Extracted data entries:
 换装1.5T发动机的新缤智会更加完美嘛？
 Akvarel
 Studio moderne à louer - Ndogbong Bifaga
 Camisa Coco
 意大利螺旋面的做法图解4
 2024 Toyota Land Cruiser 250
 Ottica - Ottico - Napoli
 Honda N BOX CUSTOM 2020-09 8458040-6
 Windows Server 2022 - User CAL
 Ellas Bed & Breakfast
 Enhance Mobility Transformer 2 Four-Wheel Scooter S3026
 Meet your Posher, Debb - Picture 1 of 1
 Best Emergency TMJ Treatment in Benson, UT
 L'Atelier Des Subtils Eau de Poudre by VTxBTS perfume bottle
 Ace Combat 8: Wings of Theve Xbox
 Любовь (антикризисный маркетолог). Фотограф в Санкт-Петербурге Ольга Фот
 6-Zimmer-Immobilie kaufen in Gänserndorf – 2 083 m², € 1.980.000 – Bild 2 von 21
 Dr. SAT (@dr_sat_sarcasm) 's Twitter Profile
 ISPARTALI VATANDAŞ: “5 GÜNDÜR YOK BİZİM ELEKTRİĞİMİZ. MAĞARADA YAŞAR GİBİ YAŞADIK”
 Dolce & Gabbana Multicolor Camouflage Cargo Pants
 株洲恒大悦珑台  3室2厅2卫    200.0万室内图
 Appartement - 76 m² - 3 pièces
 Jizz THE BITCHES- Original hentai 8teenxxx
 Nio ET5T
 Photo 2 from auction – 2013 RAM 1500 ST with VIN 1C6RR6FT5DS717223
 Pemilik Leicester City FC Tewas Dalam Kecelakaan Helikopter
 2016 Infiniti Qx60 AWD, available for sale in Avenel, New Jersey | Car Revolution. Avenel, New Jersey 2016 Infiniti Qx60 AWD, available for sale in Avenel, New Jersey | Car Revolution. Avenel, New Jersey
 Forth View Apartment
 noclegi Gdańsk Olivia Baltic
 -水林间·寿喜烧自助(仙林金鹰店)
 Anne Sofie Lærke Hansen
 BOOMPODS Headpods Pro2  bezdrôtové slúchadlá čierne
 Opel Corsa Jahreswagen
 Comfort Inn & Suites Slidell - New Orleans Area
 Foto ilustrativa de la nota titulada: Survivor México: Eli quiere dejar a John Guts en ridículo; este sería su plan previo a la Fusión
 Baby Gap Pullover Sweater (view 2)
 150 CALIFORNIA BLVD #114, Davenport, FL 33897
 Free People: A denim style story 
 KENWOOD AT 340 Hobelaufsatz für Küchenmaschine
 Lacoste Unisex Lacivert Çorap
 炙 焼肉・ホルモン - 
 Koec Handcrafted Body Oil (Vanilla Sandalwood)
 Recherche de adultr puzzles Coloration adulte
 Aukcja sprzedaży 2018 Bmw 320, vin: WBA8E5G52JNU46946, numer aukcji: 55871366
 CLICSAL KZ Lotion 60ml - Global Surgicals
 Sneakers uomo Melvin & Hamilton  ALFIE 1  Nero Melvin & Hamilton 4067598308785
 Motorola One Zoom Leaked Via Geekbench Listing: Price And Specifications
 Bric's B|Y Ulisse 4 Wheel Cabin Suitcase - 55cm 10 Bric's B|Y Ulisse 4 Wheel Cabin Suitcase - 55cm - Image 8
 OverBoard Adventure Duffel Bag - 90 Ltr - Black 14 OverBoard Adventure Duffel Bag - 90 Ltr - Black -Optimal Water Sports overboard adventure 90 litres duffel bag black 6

- What to produce: Print all the entries exactly as written.

- Response:
 换装1.5T发动机的新缤智会更加完美嘛？
 Akvarel
 Studio moderne à louer - Ndogbong Bifaga
 Camisa Coco
 意大利螺旋面的做法图解4
 2024 Toyota Land Cruiser 250
 Ottica - Ottico - Napoli
 Honda N BOX CUSTOM 2020-09 8458040-6
 Windows Server 2022 - User CAL
 Ellas Bed & Breakfast
 Enhance Mobility Transformer 2 Four-Wheel Scooter S3026
 Meet your Posher, Debb - Picture 1 of 1
 Best Emergency TMJ Treatment in Benson, UT
 L'Atelier Des Subtils Eau de Poudre by VTxBTS perfume bottle
 Ace Combat 8: Wings of Theve Xbox
 Любовь (антикризисный маркетолог). Фотограф в Санкт-Петербурге Ольга Фот
 6-Zimmer-Immobilie kaufen in Gänserndorf – 2 083 m², € 1.980.000 – Bild 2 von 21
 Dr. SAT (@dr_sat_sarcasm) 's Twitter Profile
 ISPARTALI VATANDAŞ: “5 GÜNDÜR YOK BİZİM ELEKTRİĞİMİZ. MAĞARADA YAŞAR GİBİ YAŞADIK”
 Dolce & Gabbana Multicolor Camouflage Cargo Pants
 株洲恒大悦珑台  3室2厅2卫    200.0万室内图
 Appartement - 76 m² - 3 pièces
 Jizz THE BITCHES- Original hentai 8teenxxx
 Nio ET5T
 Photo 2 from auction – 2013 RAM 1500 ST with VIN 1C6RR6FT5DS717223
 Pemilik Leicester City FC Tewas Dalam Kecelakaan Helikopter
 2016 Infiniti Qx60 AWD, available for sale in Avenel, New Jersey | Car Revolution. Avenel, New Jersey 2016 Infiniti Qx60 AWD, available for sale in Avenel, New Jersey | Car Revolution. Avenel, New Jersey
 Forth View Apartment
 noclegi Gdańsk Olivia Baltic
 -水林间·寿喜烧自助(仙林金鹰店)
 Anne Sofie Lærke Hansen
 BOOMPODS Headpods Pro2  bezdrôtové slúchadlá čierne
 Opel Corsa Jahreswagen
 Comfort Inn & Suites Slidell - New Orleans Area
 Foto ilustrativa de la nota titulada: Survivor México: Eli quiere dejar a John Guts en ridículo; este sería su plan previo a la Fusión
 Baby Gap Pullover Sweater (view 2)
 150 CALIFORNIA BLVD #114, Davenport, FL 33897
 Free People: A denim style story 
 KENWOOD AT 340 Hobelaufsatz für Küchenmaschine
 Lacoste Unisex Lacivert Çorap
 炙 焼肉・ホルモン - 
 Koec Handcrafted Body Oil (Vanilla Sandalwood)
 Recherche de adultr puzzles Coloration adulte
 Aukcja sprzedaży 2018 Bmw 320, vin: WBA8E5G52JNU46946, numer aukcji: 55871366
 CLICSAL KZ Lotion 60ml - Global Surgicals
 Sneakers uomo Melvin & Hamilton  ALFIE 1  Nero Melvin & Hamilton 4067598308785
 Motorola One Zoom Leaked Via Geekbench Listing: Price And Specifications
 Bric's B|Y Ulisse 4 Wheel Cabin Suitcase - 55cm 10 Bric's B|Y Ulisse 4 Wheel Cabin Suitcase - 55cm - Image 8
 OverBoard Adventure Duffel Bag - 90 Ltr - Black 14 OverBoard Adventure Duffel Bag - 90 Ltr - Black -Optimal Water Sports overboard adventure 90 litres duffel bag black 6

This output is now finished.